Under the current system the government restricts the right to buy dollars or other currencies. But for those lucky enough to be able to buy dollars, the official exchange rate is deliberately set low, so they get an artificially large number of dollars for their soms. As an IMF study noted in 2001, the rationale behind this is in part to encourage imports of goods which will build the country's industrial base. Companies which earn foreign currency from exports have to exchange it back into soms at the same artificial rate, so they lose out. Effectively, the IMF study said, the government was subsidising importers and taxing exporters.
Since officially-sanctioned access to dollars is limited, many people turn to the illegal black market, where the som has a market value that is far less than the official rate but where they can at least buy as many dollars as they want.
The discrepancy between the official and black-market rates has reduced dramatically from 150 per cent seen 18 months ago. In June this year the difference was at an all-time low - 974 som to the dollar at the official rate, and 990 som on the black market.
Azimov said sound economic policies had produced the change.
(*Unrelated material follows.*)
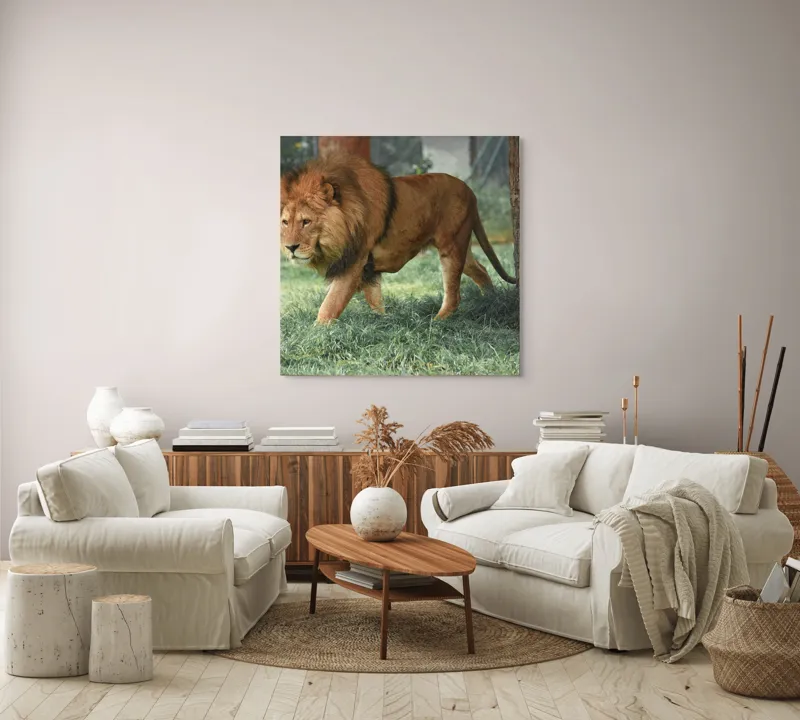 Tablou Canvas, "Regele savanei în plimbare solemnă", Leu, Majestuos, Puternic, Impozant, Natură, Verdeață, Strălucire, Regăsire, 100 x 100 cm – poza 3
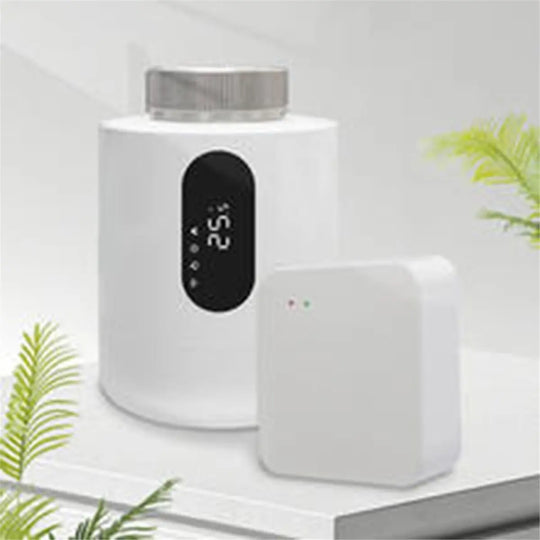 Zigbee Smart Gateway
Independent economic analysts say the government had to take some tough and unpopular decisions to achieve it, and as a result domestic and international trade have slumped. The main tactic was to slash import levels so as to reduce the demand for the foreign currency needed to buy goods.
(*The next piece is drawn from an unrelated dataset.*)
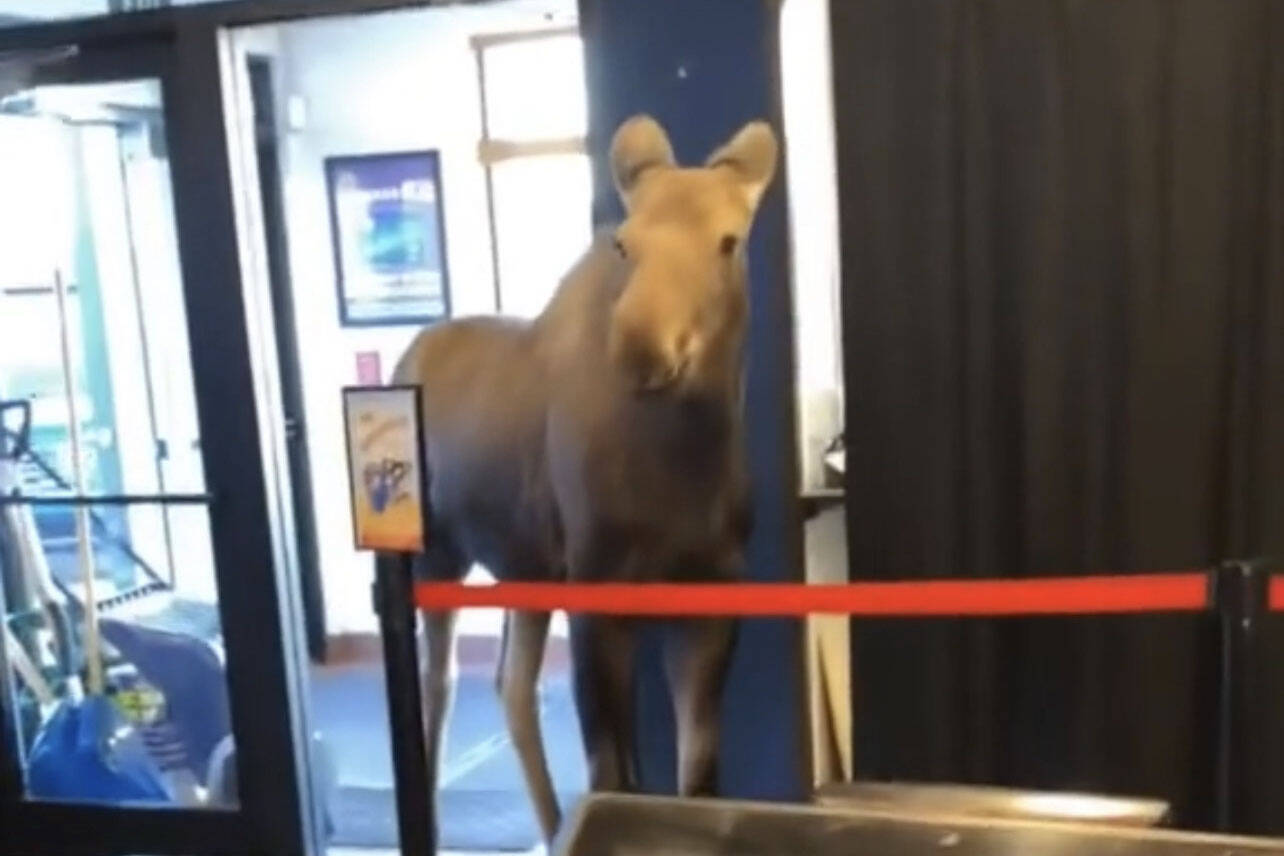 A moose walks into the lobby of the Kenai Cinemas in Kenai, Alaska, on Wednesday, April 19, 2023. (Photo courtesy Kenai Cinemas)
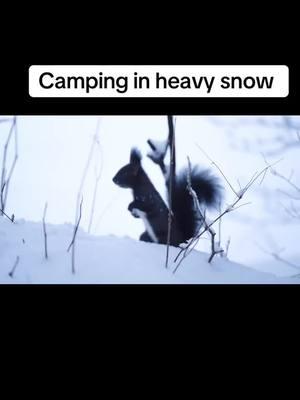 Camping in heavy snow #light #lamp #lantern #campinglife #camp #campinglife #camp #camping #campinglantern #foryoupage #america #usa🇺🇸 #tiktok #stove #wood #portable #outdoor #campinghacks #campingfood #campinggear #campingtents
In May last year the government slapped customs duties of 90 per cent on imported industrial goods and 50 per cent on foodstuffs. These were later lowered to 70 and 40 per cent, but local businessmen say this is still very high and has cut trade levels.
A second measure was to increase border restrictions to make it harder for Uzbeks to spend foreign currency outside the country. The borders with neighbouring Kazakstan, Kyrgyzstan and Tajikistan have been effectively closed since the beginning of the year.
The economy minister, however, dismissed any talk of border closures. "I'm not deceiving you, our borders are open-they are only closed due to sickness, contraband and terrorism," he said.
The government's measures have worked in that they have depressed imports. However, they have also caused inflation because of the shortage of goods and because shop owners are reluctant to reduce prices to match the changing exchange rate. Prices of industrial goods, electrical equipment, clothing and cars are now much higher than in other countries in the region, while monthly wages remain as low as ever.
IWPR looked round the private shops which specialise in imported electrical goods, a popular item. Even though prices have gone sky-high, the owners say they are finding it harder to survive.
"It has become very difficult to bring in stock, and people just can't afford such high prices. These goods will probably disappear soon, too," said a salesman at a television and stereo shop at the Tashkent's Navoi market, nodding at his half-empty shelves.
The head of the IMF delegation, Eric de Vrijer, says the Fund is supportive of the government's plans for convertibility, although he recognises the cost of the measures the government has opted for. "There has been a slump in economic activity in trade, on the services market and in agriculture," he said.
Liberalising the currency market has been the toughest challenge facing the government since 1996, when it ended its cautious attempts to run a market-led exchange rate. The European Bank for Reconstruction and Development, EBRD, says private investors took a wait and see attitude to the government's repeated promises of liberalisation - and then suffered significant losses following last year's trade restrictions.
This time round the Uzbek authorities look serious about moving towards convertibility and bearing whatever costs this incurs. But local analysts say they will suspend judgement to see whether the government is still showing the same resolve nearer its year-end deadline.
Galima Bukharbaeva is IWPR director in Uzbekistan, Viktor Krymzalov is an independent journalist in Tashkent.